Flame, smoke, and timbers erupted into the air, though the chief effect of the exploding powder was to drive the pontoon down into the river. The roadway buckled under the strain, planks snapping free. The French were thrown back, some dead, some burned, some stunned, and then the shattered pontoon violently reared up from the water and its anchor chains snapped from the recoil. The bridge jerked downstream, throwing Harper off his feet. He and Sharpe clung to the planks.
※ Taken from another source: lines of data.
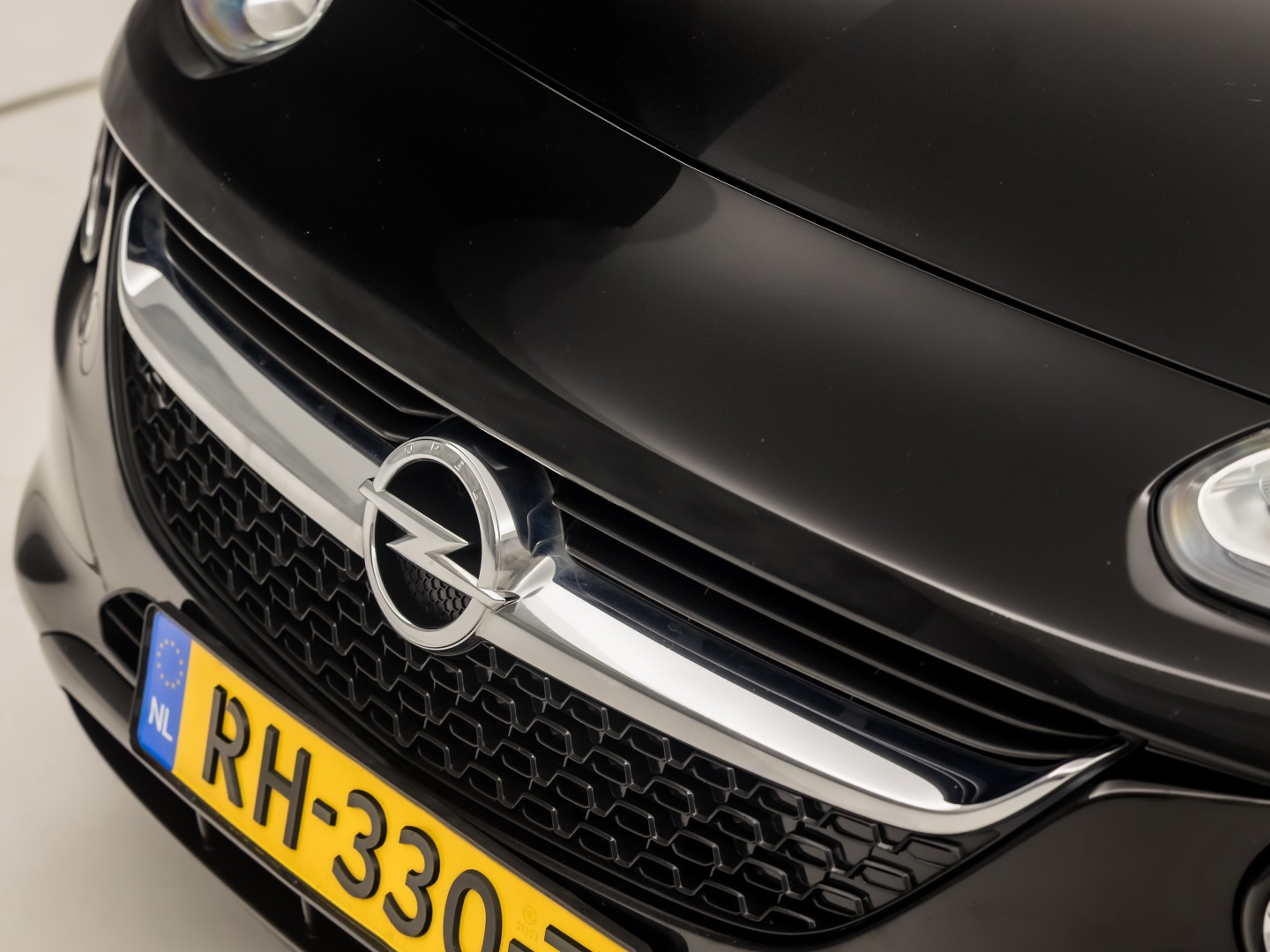 Foto van Opel Adam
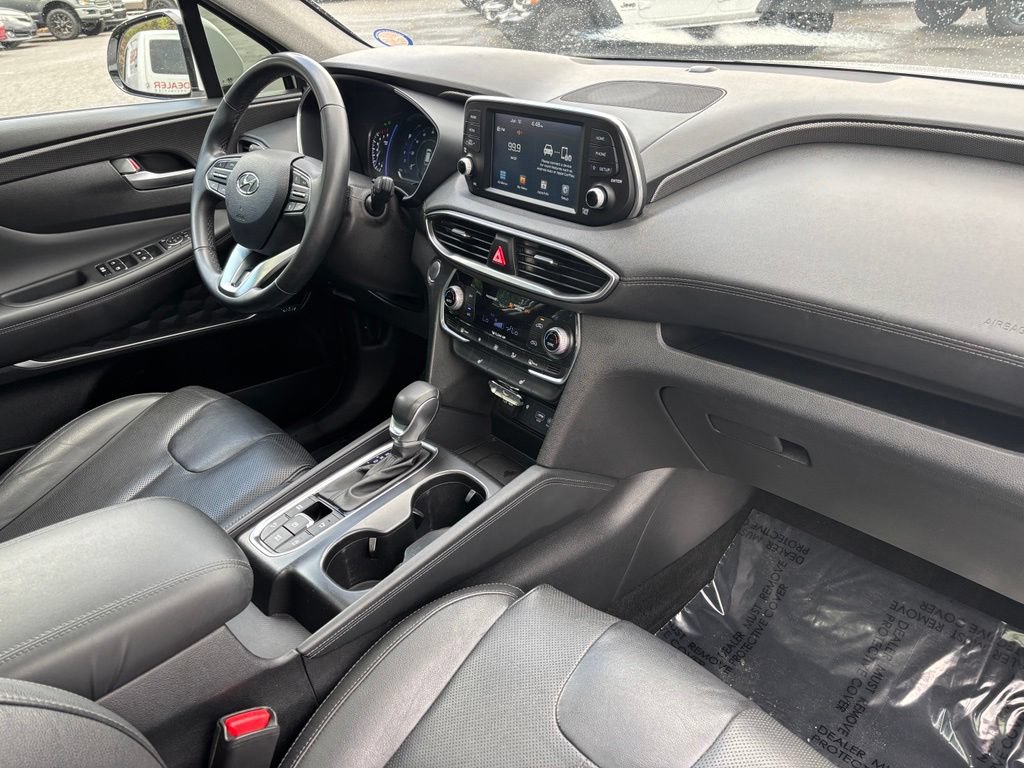 Used 2020 Hyundai Santa Fe SEL AWD/4WD image 30
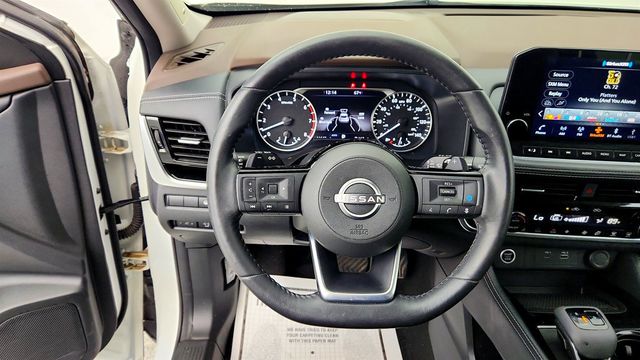 2023 Nissan Rogue AWD SL *Ltd Avail* - 23023518 - 13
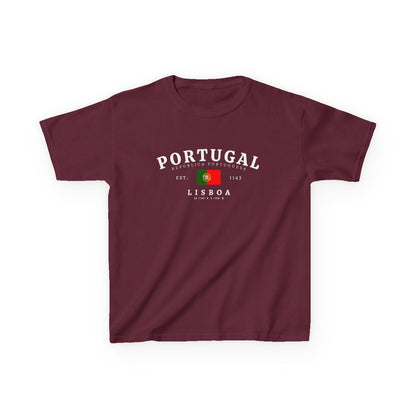 Portugal Baby Tee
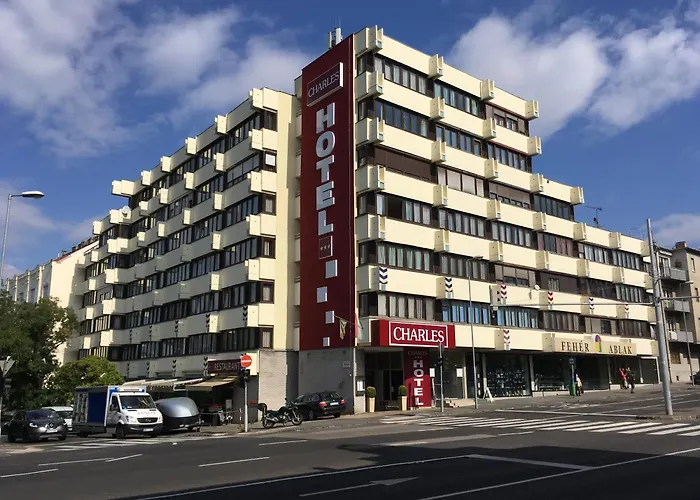 Hotel Charles Budapest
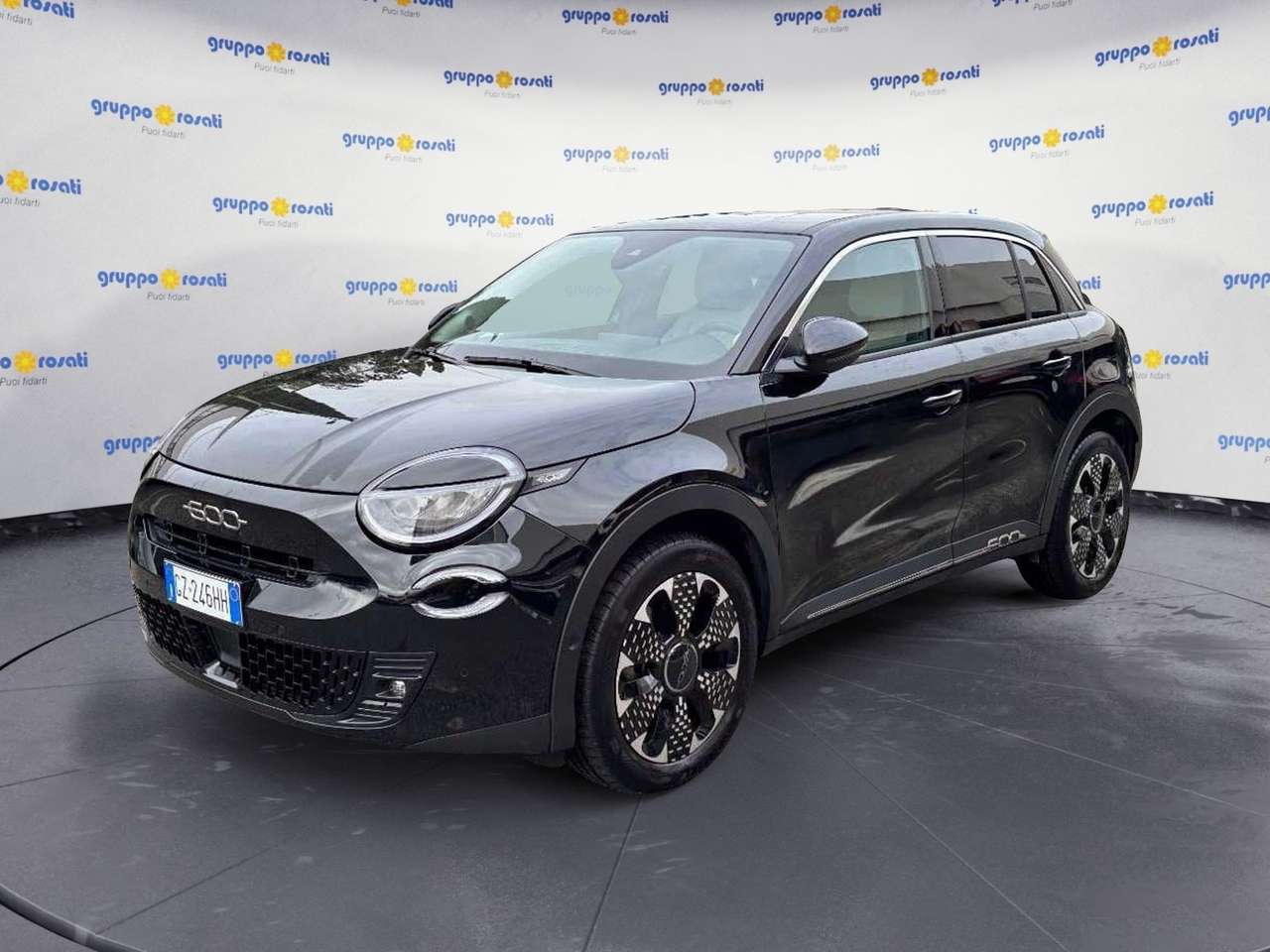 Fiat 600 Hybrid La Prima Ii Hybrid110cv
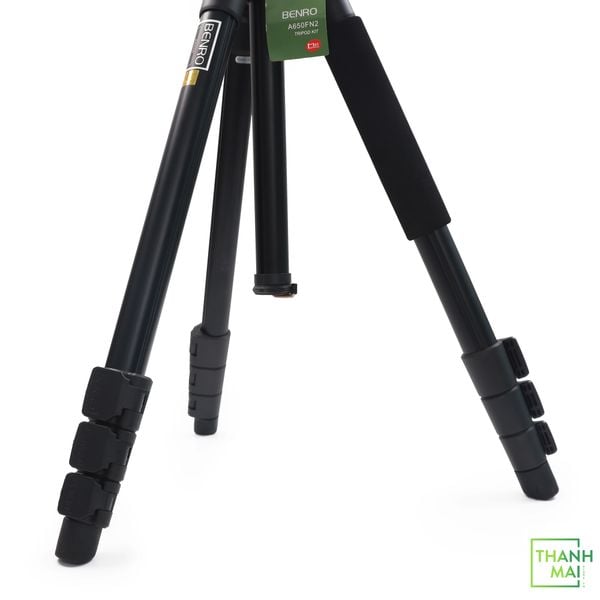 Tripod chân máy ảnh Benro A650-FN2 chính hãng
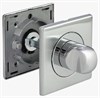 Завёртка LUX-WC-S CSA/CRO Цвет - матовый хром/хром LUX-WC-S CSA/CRO - фото 59984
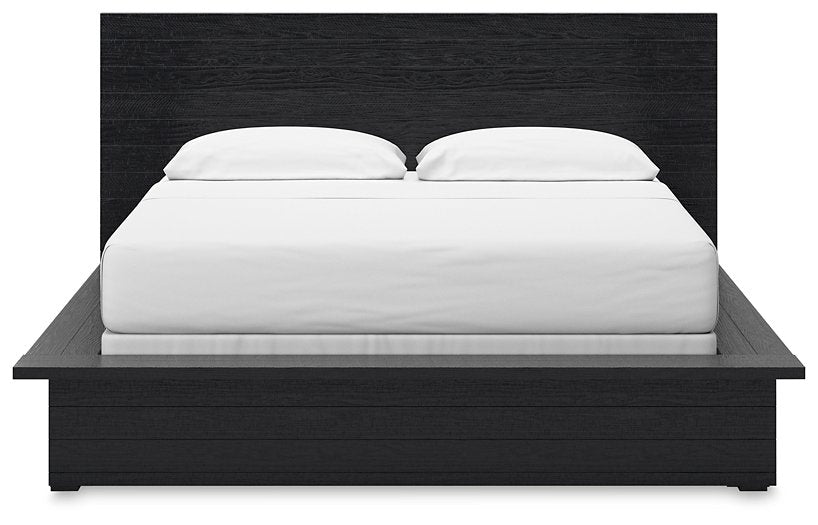 Londer Bed - Golden Home Furniture (Columbus, OH) - Multi Location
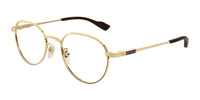 Gucci GG1747OA Occhiali da vista 002 GD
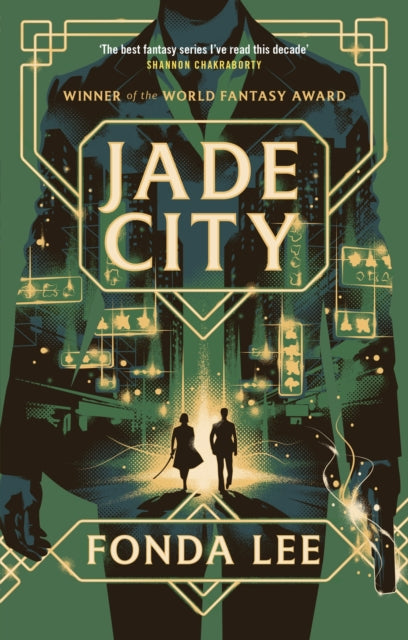 Jade City - Family is duty. Magic is power. Honour is everything.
The bridge was shuddering now, the river foaming and pushing at the broken gap as scraps of burning timber flamed on the roadway. Sharpe had been half dazed by the explosion and now found it hard to stand, but he staggered toward the British-held shore. The pontoon anchor chains began to snap, one after the other, and the more that parted, the more pressure was put on the remaining chains. The French cannon fired again and the air was filled with screaming grapeshot. One of the men carrying Brigadier Moon jerked forward with blood staining the back of his red coat. The man vomited blood and the brigadier bellowed in agony as he was dropped. The bridge began to shake like a bough in the wind and Sharpe had to fall to his knees and hold on to a plank to stop being thrown into the water. Musket balls were coming from the French company, but the range was too long for accuracy. The brigadier’s wounded horse was in the river, blood swirling as it struggled against the inevitable drowning.

A shell struck the bridge’s far end. Sharpe decided the French gunners were trying to hold the British fugitives on the breaking bridge where they could be flayed by grapeshot.